You represented Ron Edwards in a criminal matter entitled State of Louisiana us. Ron Edwards. Iain Dover was the ADA representing the State of Louisiana. Judge Robin Pittman of the Criminal District Court for the Parish of Orleans presided over the case.
During a court appearance on August 20, 2018, you and Mr. Dover engaged in an inappropriate verbal exchange in open court. After several exchanges, you threatened to "punch the shit out of" Mr. Dover. The transcript reflects that you then raised a fist toward Mr. Dover, and Mr. Dover responded by raising his arm in a blocking motion. You stated that you "can settle this outside the courtroom." Judge Pittman then called both you and Mr. Dover into her chambers, after which, you each apologized for your conduct.
On May 6, 2019, the Louisiana Supreme Court sanctioned Mr. Dover with a public reprimand for his conduct in this encounter.
There is clear and convincing evidence you have knowingly and intentionally violated Rules 3.5(d) and 8.4(d) of the Rules of Professional Conduct.
During argument on the State’s motion, Respondent stated to the Judge that the victim, Mr. Edwards’ girlfriend, had on a prior occasion brought false charges against Mr. Edwards and ultimately pled guilty to filing a false police report. In response to Respondent’s statement about the victim, Mr. Dover stated:
Excuse me, sir. You’re a liar.
Mr. Spears responded:
And I will punch the shit out of you if you call me a liar, again.
Mr. Dover doubled down, after being challenged by Respondent to call me a liar again,
At this point in the transcript of the August 20, 2018 hearing, the court reporter wrote:
(Raises fist up to Mr. Dover)
(Raises arm up in a blocking motion)
Finally, Respondent stated:
…but perhaps we can settle this outside the courtroom.
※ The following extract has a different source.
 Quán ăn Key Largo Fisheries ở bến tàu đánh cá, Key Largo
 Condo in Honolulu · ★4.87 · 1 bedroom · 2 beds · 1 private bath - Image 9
The record reflects that Judge Pittman called each into her chambers, separately, for a brief discussion, and, after returning to the courtroom, both Respondent and Mr. Dover apologized for their conduct. Judge Pittman then concluded the hearing without further difficulty.
The raised fist was disputed
Mr. Dover testified that Mr. Spears did in fact raise his fist and that he, Dover, was afraid that Respondent was about to hit him. He acknowledged calling Respondent a liar in open court, that such an accusation was improper and that he was disciplined by his employer for doing so.
Judge Pittman testified that she recalled Mr. Spears’ arm going up, but could not recall if he made a fist or not. She did recall Mr. Dover putting his arm up in a blocking motion. She did not hold either in contempt, and both apologized to her. The incident lasted only a minute or two, and, at most, she spent “less than 10 minutes” talking to both of them in chambers.
Common sense dictates that an attorney must know that his actions will disrupt the court if he, during the course of a hearing or trial, threatens to “punch the shit” out of opposing counsel, even if arguably he was provoked by opposing counsel. To hold otherwise would provide an excuse to any attorney engaging in such behavior by simply saying, in effect, “I did it, I know it was wrong, but I didn’t intend to do it”.
Respondent’s conduct, as was Mr. Dover’s, was prejudicial to the administration of justice. It caused a delay, although minimal, in Judge Pittman’s docket. Perhaps more importantly, the conduct occurred in an open hearing, with the public present.